Vascular Solutions Corporate Objectives

 

Weight of
Objective

Achievement
of Objective

Total

 

1) Achieve over $71 million in net revenue in 2009.

 

30%

60%

18.0%

 

2) Attain 2009 annual net income before taxes (excluding any litigation gain, but including stock based compensation) of at least $9.0 million.

 

30%

73%

21.9%

 

3) Launch five material new products in the U.S. during the forecasted month with acceptable clinical performance.

 

20%

65%

13.0%

 

4) Complete development (through design freeze or executed corporate partnership) of two products that each has the potential for > $100 million in annual revenue for VSI.

 

20%

50%

10.0%

 

 

 

 

Total

62.9%

          As reflected in the above table, in 2009 62.9% of the overall corporate objectives were achieved.

2009 Individual Objectives

          The 2009 individual objectives set under the Executive Incentive Compensation Plan for each of the named executive officers are summarized below.

15


          Howard Root’s individual objectives were generally based upon: retaining and improving senior management; meeting the objectives of the 2009 Investor Relations plan; achieving specific development milestones for certain products; and maintaining a strategic plan to achieve a net sales target within a specified period. Overall, Mr. Root met 48% of his individual objectives.

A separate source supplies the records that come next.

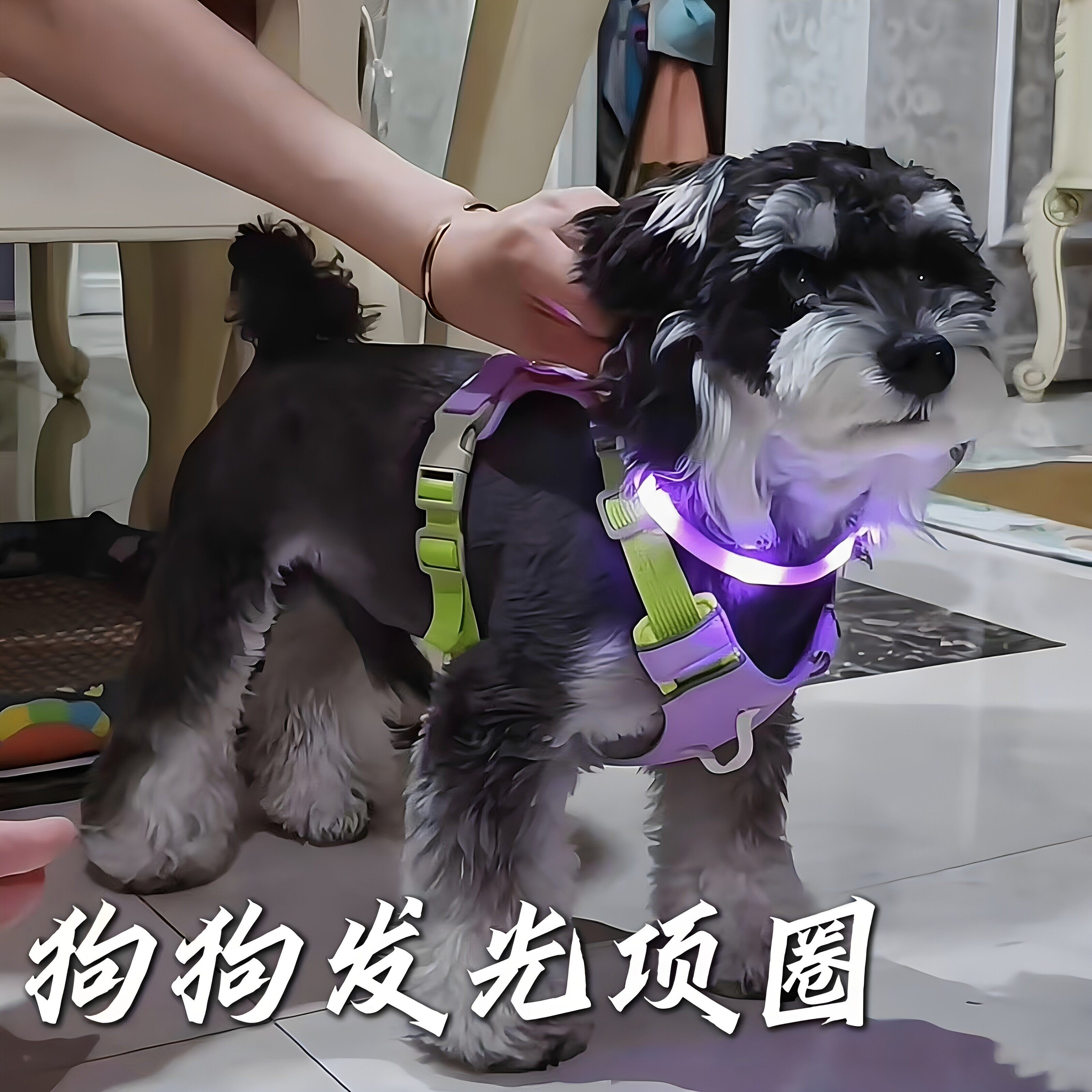 狗狗发光项圈夜间超轻遛狗夜光灯充电宠物脖圈大小型犬防走失带灯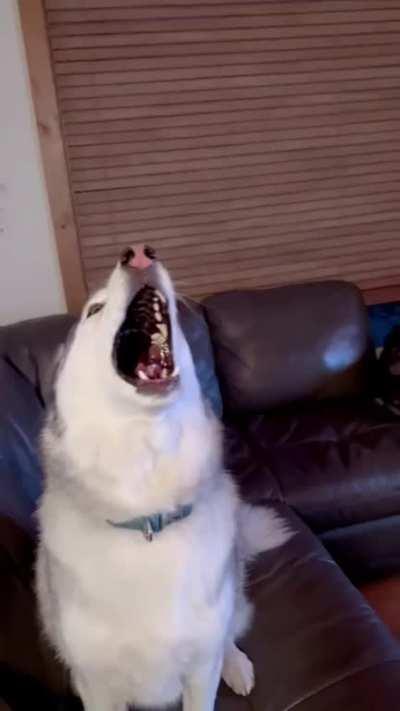 I heard you love Huskies! 😂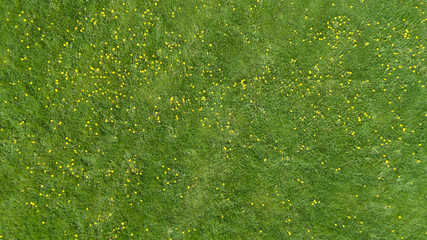 Abstrakter Frühlings- oder Sommerhintergrund der Kunst mit grünem Gras und gelben Blumen.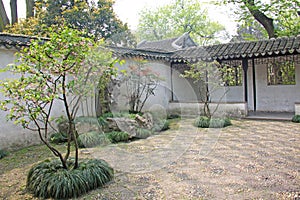 A small internal Chinese courtyard and trees. City of Shanghai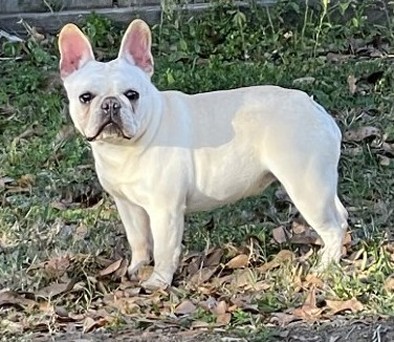 frenchie female florida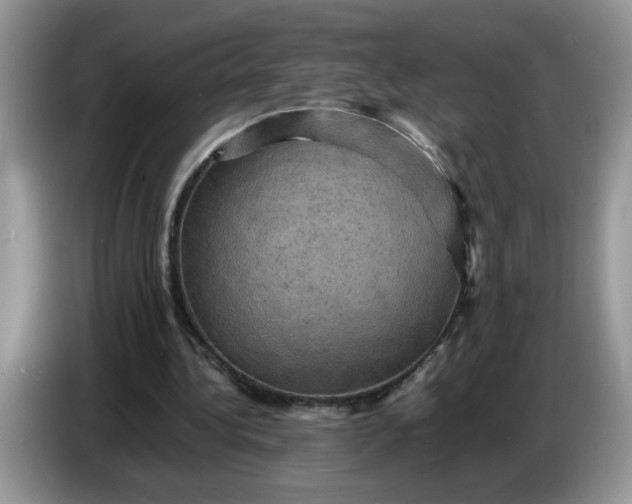 X0000086770340200704271754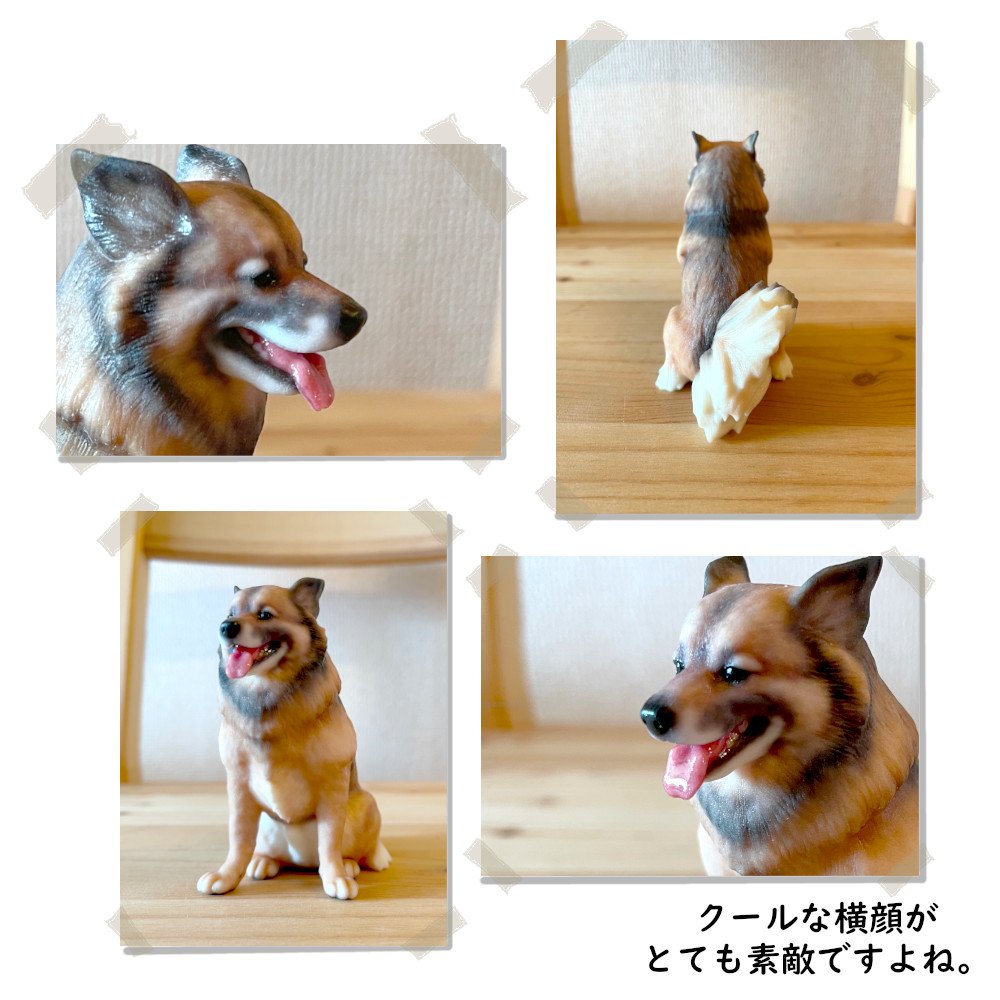 3dpetshop's tweet photo. 雑種犬のコロちゃん。クールそうな雰囲気と笑顔のギャップがとても素敵です。子供の頃に飼っていたワンちゃんとも再会できるのはフィギュアの一番お勧めできるところです。
#3DPETSHOP
#雑種犬
#愛犬 #犬 #dog
#ペットフィギュア #petfigure
#フィギュア #3dfigure #figure
#3dcg #design
#pet #ペット https://t.co/1nrkf4EUGx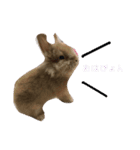 ぽむぽむ（個別スタンプ：1）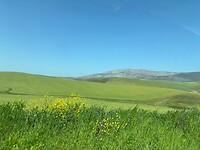 Onderweg naar Hermanus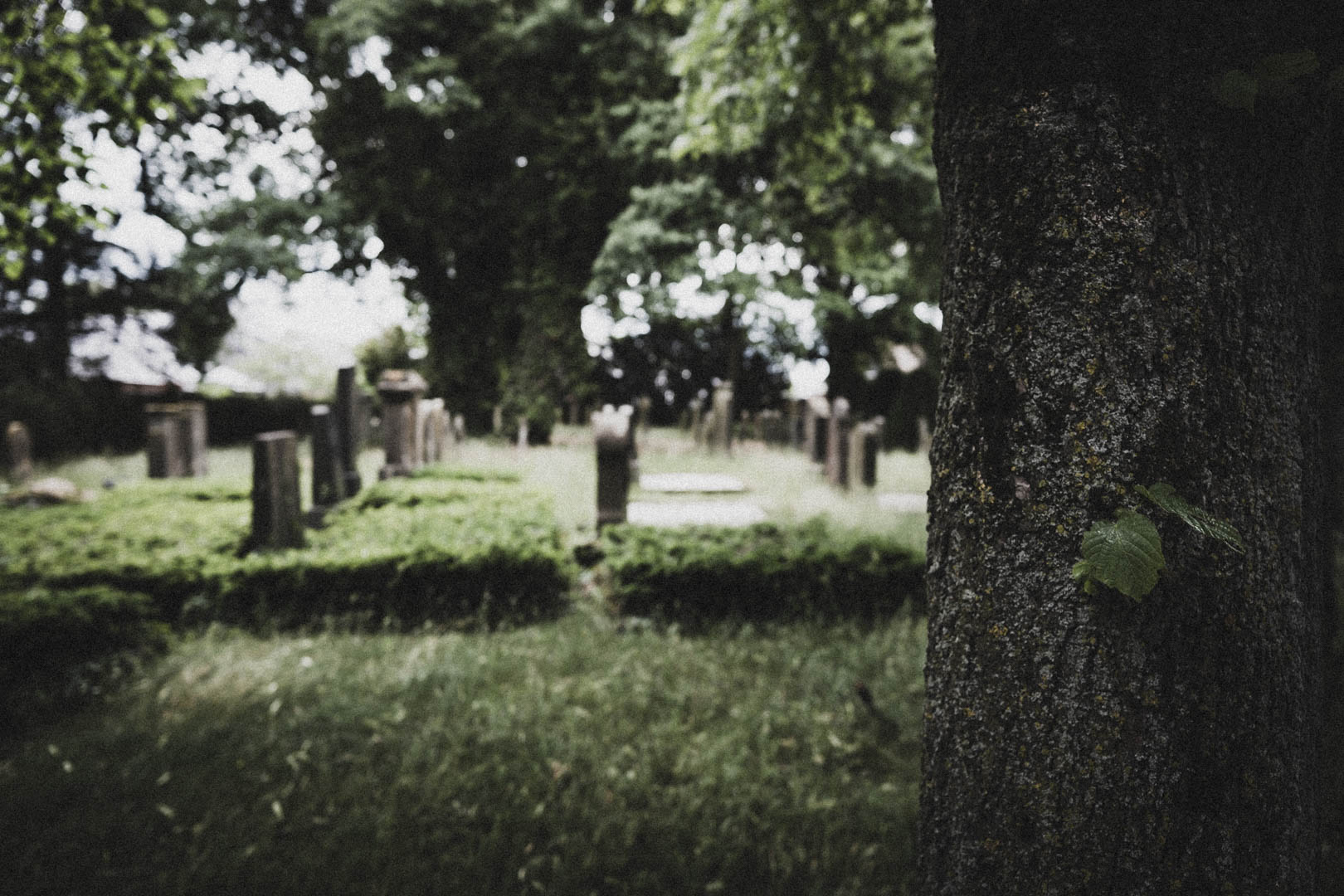 Rheda Wiedenbrück 0520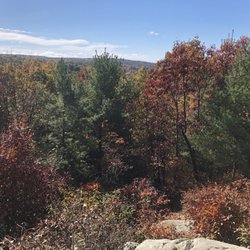 Campbell's Peaceful Valley Conservation Area - View from top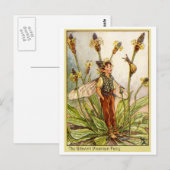 Carte Postale Ribwort Plaintain Fée (Devant / Derrière)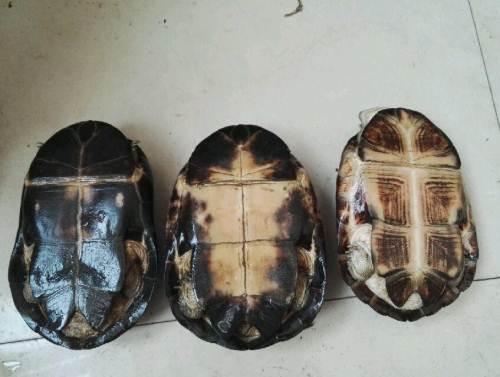 西非侧颈盒龟是保护动物吗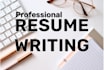 provide attractive professional resume writing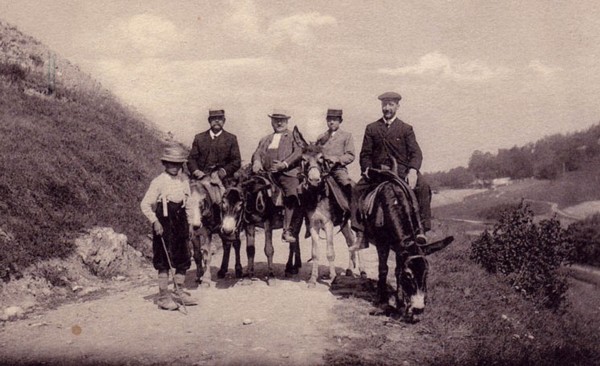 Ânes de Monnetier sur l'ancienne route du Grand Salève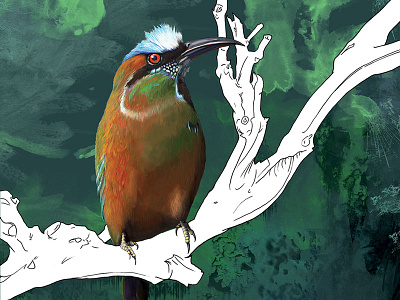 Bird On A Stick bird colorful digital illustration raster wildlife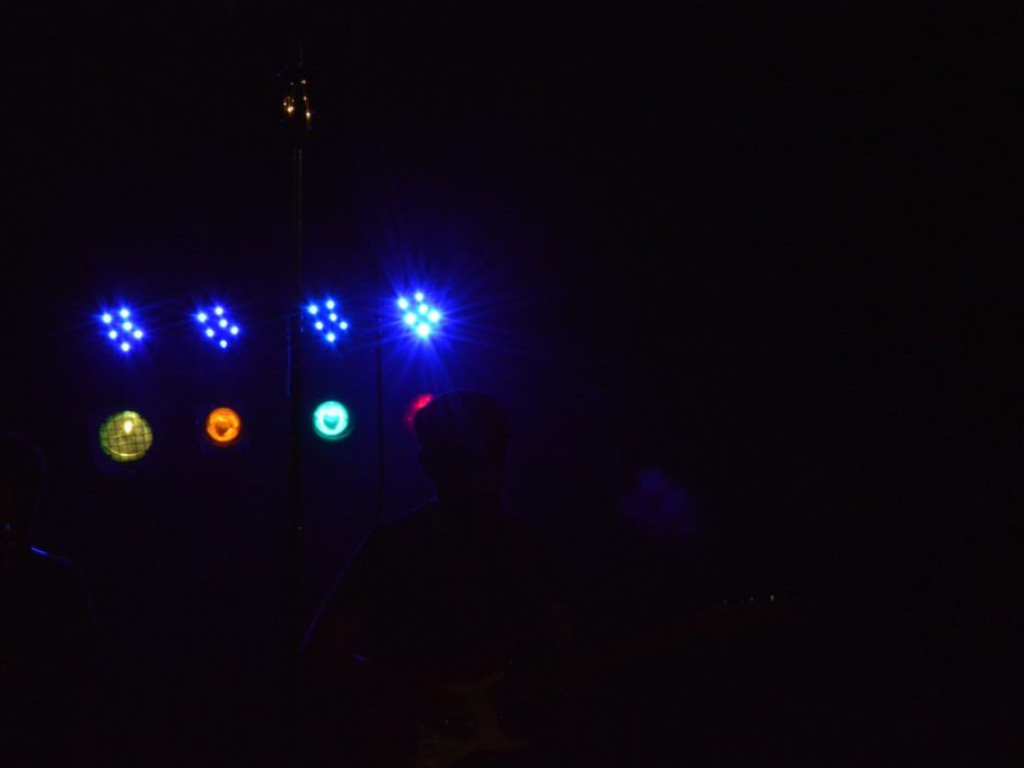 Koncert w Radzyńskim Ośrodku Kultury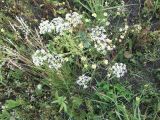 Pimpinella nigra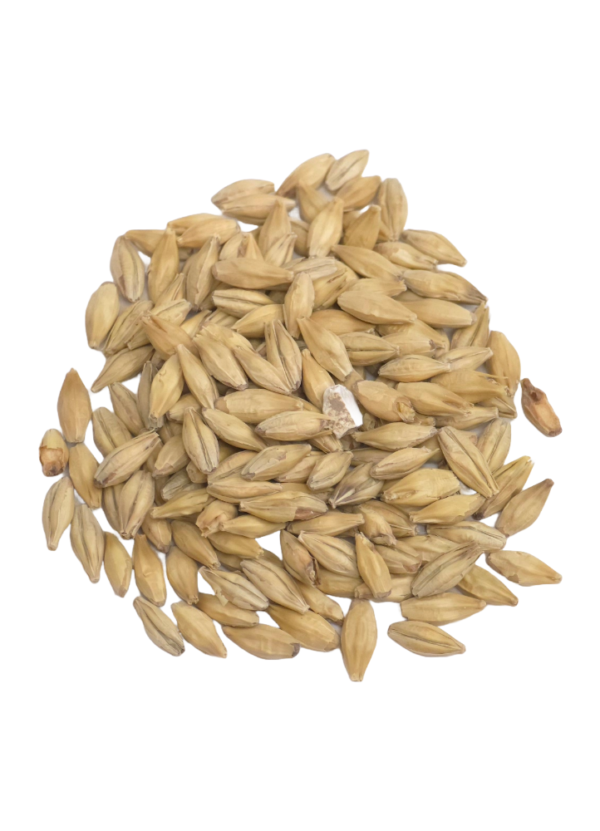 Pale Malt, Dingemans, Recipe Grains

          James Hennen’s individual objectives were generally based upon: meeting the objectives of the 2009 Investor Relations plan; managing outstanding receivables and limiting write-offs; reducing the days of inventory on hand; and working in concert with Mr. Quackenbush to reduce costs in the manufacturing and facility budgets. Overall, Mr. Hennen met 76.25% of his individual objectives.

          James Quackenbush’s individual objectives were generally based upon: maintaining certain on-time shipping, failure free, product error and recall rates; improving overall facility management; substantially improving the manufacturing engineering and materials functions; achieving a certain COGS level for some manufactured products; reducing the days of inventory on hand; and working in concert with Mr. Hennen to reduce costs in the manufacturing and facility budgets. Overall, Mr. Quackenbush met 80.75% of his individual objectives.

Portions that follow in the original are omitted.